In 1982, what appears to be the first solid-body seven-string electric was built by the luthier Kirk Sand for Lenny Breau, and debuted at NAMM in 1983. A more massified approach was attempted in 1987 by Fender in collaboration with Alex Gregory, but the partnership produced only a few prototypes and the actual production models never materialized. The first mass-produced solid body seven-string was Steve Vai's Universe, and the model entered production in 1990. This guitar features a low B to follow the guitar's standard 4ths tuning took place instead. Steve Vai is seen holding two different Universe guitars in the cover and booklet of his acclaimed album Passion and Warfare, and earlier examples of the multicolored swirl pattern UV777MC command high values in the secondary market.
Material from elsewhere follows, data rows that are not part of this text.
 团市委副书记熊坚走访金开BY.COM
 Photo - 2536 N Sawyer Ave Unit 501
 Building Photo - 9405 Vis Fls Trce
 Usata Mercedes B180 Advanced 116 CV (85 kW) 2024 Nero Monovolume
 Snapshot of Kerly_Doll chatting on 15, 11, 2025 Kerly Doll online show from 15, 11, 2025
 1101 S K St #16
The Universe is in production to this day and remains a successful product in the Ibanez line, having been used by other prominent rock and metal artists like John Petrucci and Trey Azagthoth during the 90's.
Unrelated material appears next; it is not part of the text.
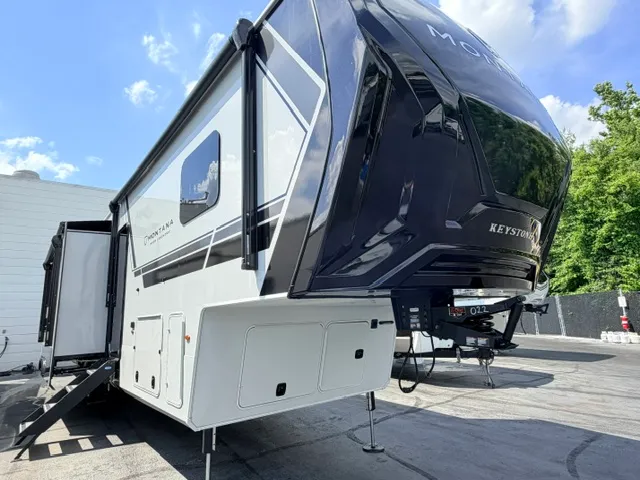 2027 Keystone HC Montana 391TB - Photo 2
The 21st century and the 7-string - the rise to fame


While the Universe was used by well known and loved virtuoso players, both guitarists in a band that would single-handedly define a trend for years to come used their own Universe guitars to do something different than the then usual low tuned riffs and technically demanding solos: this duo of innovative players preferred to detune the instrument to drop A like ts original electric incarnation's, but the idea was to combine immensely powerful riffs with percussive noises and squeals one would easily associate to hip hop back then. These two players were Brian Welch and James Shaffer, also known as Head and Munky, and their band Korn's self-titled debut album marked the beginning of what would be known as nu-metal: a powerful mix of metal, hip hop and experimental textures using the guitar as their source. Korn's rising popularity made many makers view the seven-string as a valid product, and it wasn't long until companies like Schecter, ESP or Brian Moore guitars had fully fledged seven-string lines in their product rosters. Not all was good for the instrument in this sudden rise to fame, though: the ever-growing stigma of the seven-string being a niche nu-metal instrument contributed to deter those not interested in the genre from taking an interest, and by the time music trends started dictating other directions that led to nu-metal's decline, seven-strings' popularity waned as well, returning it to its role of the niche instrument for players looking for added range.
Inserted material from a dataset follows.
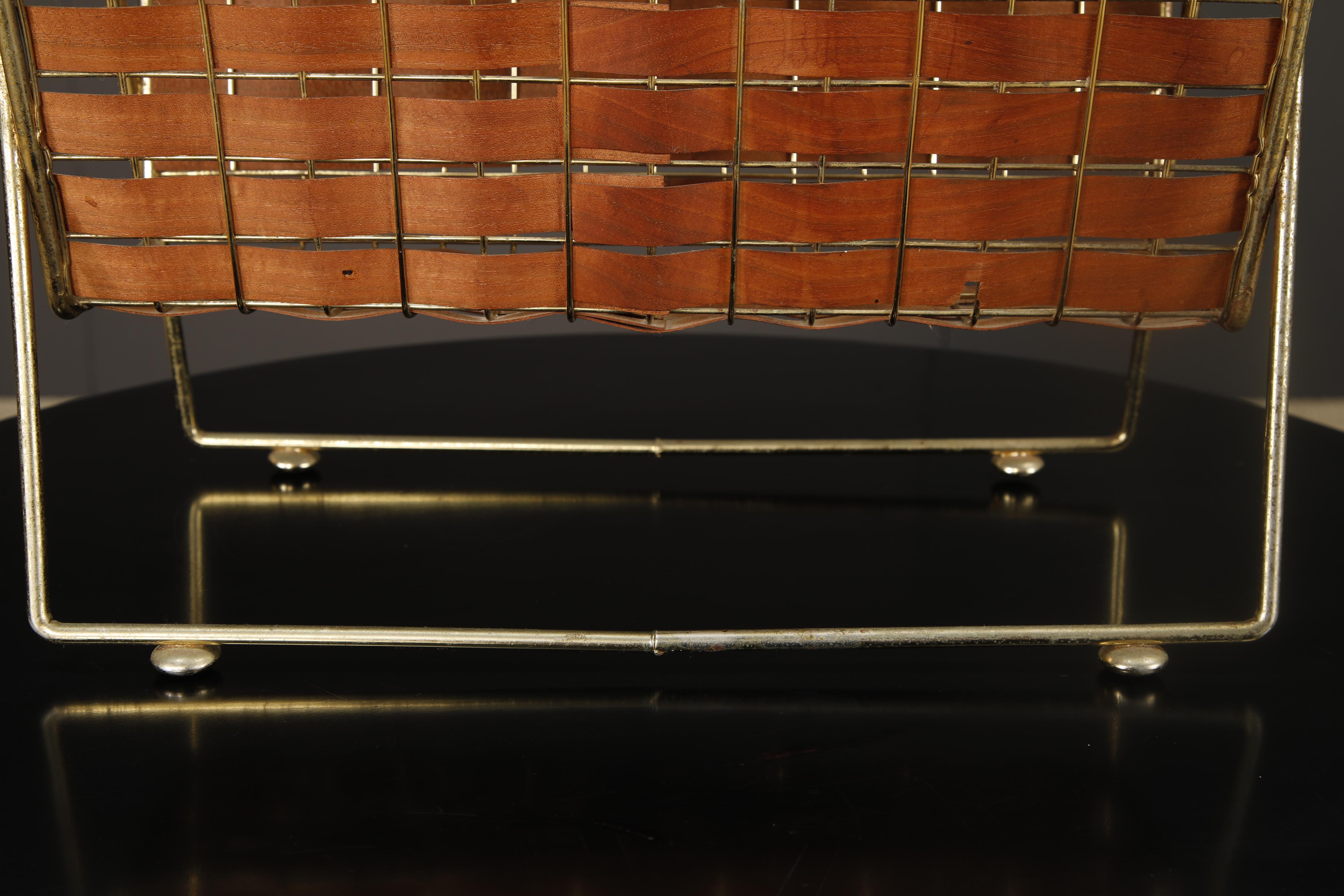Mid-Century Modern Tony Paul for Woodlin-Hall Mod-577 Brass & Walnut Interlace Magazine Rack, 1950s en vente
The late 90's and early 2000's saw a setady increase in the instrument's popularity, more notably in metal music, where the instrument's powerful low end without sacrificing high note availability made it find its way to many players like Dino Cazares of Fear Factory fame or Fredrik Thordendal and Mårten Hagström from Meshuggah, among a horde of prominent guitarists. Meshuggah's syncopated, rhythmically complex riffing influenced many bands, who fused such elements with melodic passages, complex chords one wouldn't originally believe he'd find in metal, and bands like Periphery or Animals as Leaders show a blend of these traits, intense soundscapes and musical proficiency that creates a progressive approach that takes full advantage of the range of these instruments. Meshuggah and Animals as Leaders, as well as Fear Factory, have picked up the eight-string guitar since to use even broader range in their musical endeavors, but we shall leave that for another article.



At the present, the seven-string maintains its status as an instrument that is appreciated by many players in radically different styles and genres, and while far from overthrowing its six-string counterpart, it seems to be here to stay, capturing the interest of players due to its extended chordal and soloing possibilities, the heaviness of the lower tuning, the ability to play melody and bass lines in a single instrument or all of these combined to take advantage of the potential these guitars possess - who'd imagine a single added string could originate a guitar that stands out from its mainstream brethren in so many ways?